You may have noticed that it's endorsement season here at the Star Tribune Editorial Board. Frankly, it's been a trifle disappointing.
For weeks political candidates have paraded in for screening interviews. And if by chance you've seen any political advertising lately, you know what a colorful cast of moustache-twirling villains we'd been led to expect.
Sleazy. Shady. Secretive as Bigfoot and "all Washington now." And when they aren't busy getting rich off the opioid crisis they're covering up sexual harassment — and so on.
Part of me wishes the real-life political pirates actually were that interesting. But I suppose it's the good news that the attack ad caricatures of those who seek high office really are as asinine as the average voter suspects.
The bad news is that, while our office seekers aren't guilty of many of the things the ads allege — they are guilty of the ads themselves, which says plenty about how much respect for the people is common in the political class.
How stupid do they think we are?
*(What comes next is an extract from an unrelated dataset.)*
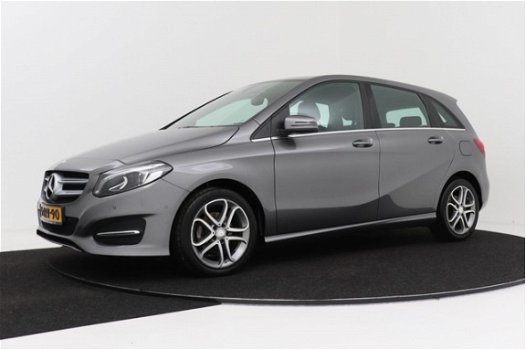 Mercedes-Benz B-klasse - 180 CDI Lease Edition | Automaat | Navigatie | Org NL - 1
The worst part is that many of them, with good intentions, think we're naive enough to believe, as they apparently do, that the root of the problem is that politicians just don't have enough power.
That's the impression one gets from the chorus of calls for sweeping new controls on money in politics. One hears them mainly on the Democratic side. Almost unanimously, progressive candidates make clear their desire to overturn "Citizens United" — the hated 2010 U.S. Supreme Court decision that, the story goes, set loose the corrupting hurricane of special interest dollars at the core of our political dysfunction.
In Citizens United, the court struck down as unconstitutional most limits on independent election spending (even by corporations and unions) that is not "coordinated" with candidates or parties.